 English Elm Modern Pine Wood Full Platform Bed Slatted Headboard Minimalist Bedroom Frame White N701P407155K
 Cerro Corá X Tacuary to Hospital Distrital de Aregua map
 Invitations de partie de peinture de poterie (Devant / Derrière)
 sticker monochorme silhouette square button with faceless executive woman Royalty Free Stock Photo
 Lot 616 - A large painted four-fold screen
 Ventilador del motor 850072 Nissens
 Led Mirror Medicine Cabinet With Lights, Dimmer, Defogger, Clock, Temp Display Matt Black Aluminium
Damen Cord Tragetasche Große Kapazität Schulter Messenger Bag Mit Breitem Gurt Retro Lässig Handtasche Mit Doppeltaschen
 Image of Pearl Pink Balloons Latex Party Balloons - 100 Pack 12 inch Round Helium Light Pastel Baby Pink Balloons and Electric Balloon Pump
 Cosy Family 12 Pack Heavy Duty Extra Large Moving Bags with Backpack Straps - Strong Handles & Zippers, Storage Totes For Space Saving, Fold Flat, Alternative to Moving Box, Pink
※
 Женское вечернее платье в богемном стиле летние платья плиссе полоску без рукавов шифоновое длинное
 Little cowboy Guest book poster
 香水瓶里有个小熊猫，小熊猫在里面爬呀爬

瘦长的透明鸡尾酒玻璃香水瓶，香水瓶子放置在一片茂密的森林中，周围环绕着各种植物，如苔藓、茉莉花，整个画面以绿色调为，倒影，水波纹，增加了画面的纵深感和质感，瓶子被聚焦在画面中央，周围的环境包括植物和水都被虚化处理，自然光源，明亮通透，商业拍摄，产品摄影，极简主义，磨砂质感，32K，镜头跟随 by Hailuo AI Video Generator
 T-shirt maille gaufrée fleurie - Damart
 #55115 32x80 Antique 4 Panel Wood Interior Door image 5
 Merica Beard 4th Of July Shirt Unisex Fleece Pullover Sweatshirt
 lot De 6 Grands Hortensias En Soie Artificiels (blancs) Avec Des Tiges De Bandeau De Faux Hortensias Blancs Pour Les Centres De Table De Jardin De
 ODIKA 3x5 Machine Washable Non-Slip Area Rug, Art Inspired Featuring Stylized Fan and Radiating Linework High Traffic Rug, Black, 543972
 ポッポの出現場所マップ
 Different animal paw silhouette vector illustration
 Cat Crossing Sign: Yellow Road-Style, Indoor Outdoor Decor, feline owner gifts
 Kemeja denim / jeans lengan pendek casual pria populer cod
※
** Problem requirements **
Which lines in the data hold the string "Pink"? Copy each of them.

** Reply to the exercise **
 Image of Pearl Pink Balloons Latex Party Balloons - 100 Pack 12 inch Round Helium Light Pastel Baby Pink Balloons and Electric Balloon Pump
 Cosy Family 12 Pack Heavy Duty Extra Large Moving Bags with Backpack Straps - Strong Handles & Zippers, Storage Totes For Space Saving, Fold Flat, Alternative to Moving Box, Pink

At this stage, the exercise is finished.